● About this exercise: Once you find the line with "SET 2 BOUGIE0014001" in the listing below, set down exactly every line from it through the line with "MS license plate MIY782", but no pictures.

● Data listing:
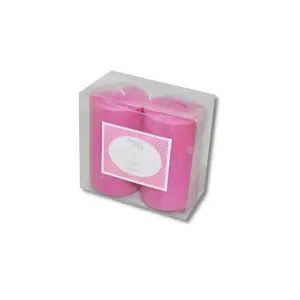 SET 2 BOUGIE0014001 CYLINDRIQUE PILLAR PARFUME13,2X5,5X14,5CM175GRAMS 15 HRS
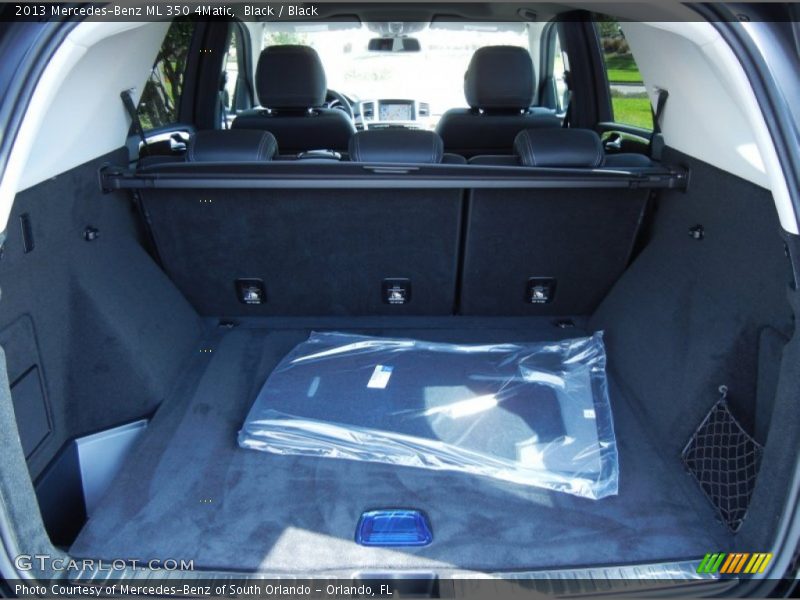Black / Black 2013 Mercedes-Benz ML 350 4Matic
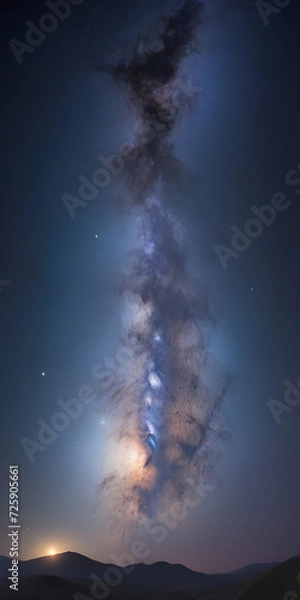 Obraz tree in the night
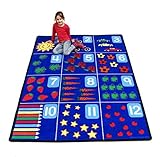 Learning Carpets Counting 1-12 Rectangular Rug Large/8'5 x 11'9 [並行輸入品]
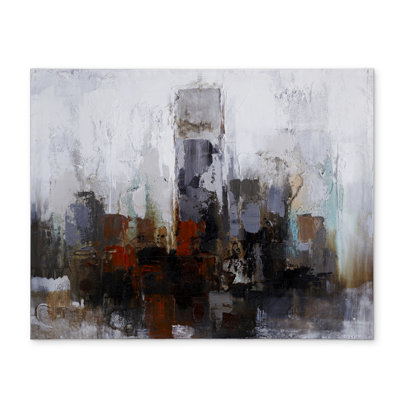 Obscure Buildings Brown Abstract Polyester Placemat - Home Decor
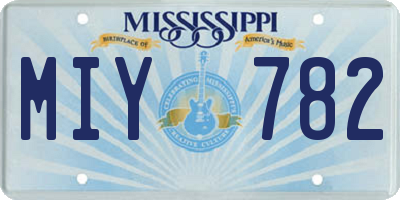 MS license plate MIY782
==
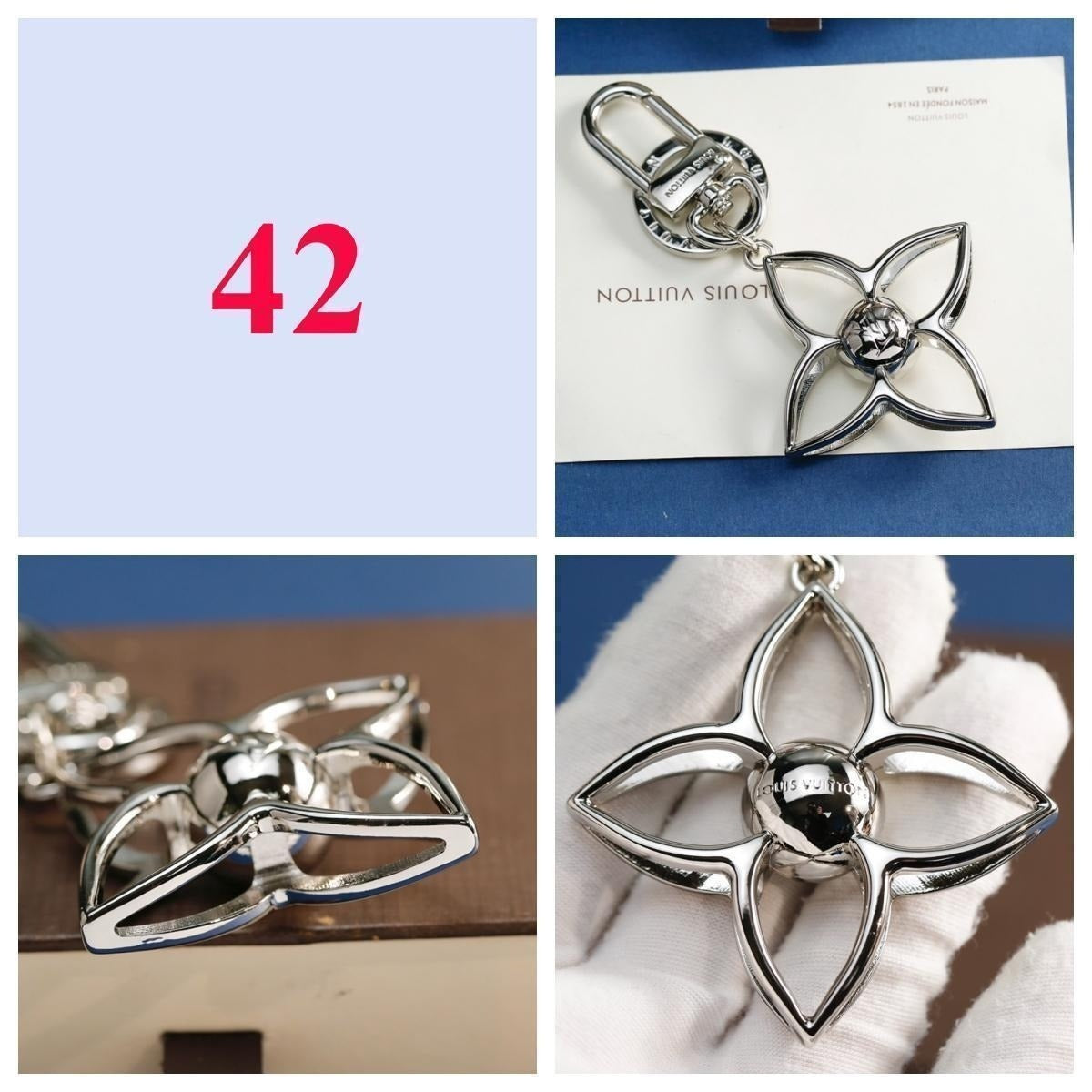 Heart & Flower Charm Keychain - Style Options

● Solution for this problem:
 SET 2 BOUGIE0014001 CYLINDRIQUE PILLAR PARFUME13,2X5,5X14,5CM175GRAMS 15 HRS
Black / Black 2013 Mercedes-Benz ML 350 4Matic
 Obraz tree in the night
 Learning Carpets Counting 1-12 Rectangular Rug Large/8'5 x 11'9 [並行輸入品]
 Obscure Buildings Brown Abstract Polyester Placemat - Home Decor
 MS license plate MIY782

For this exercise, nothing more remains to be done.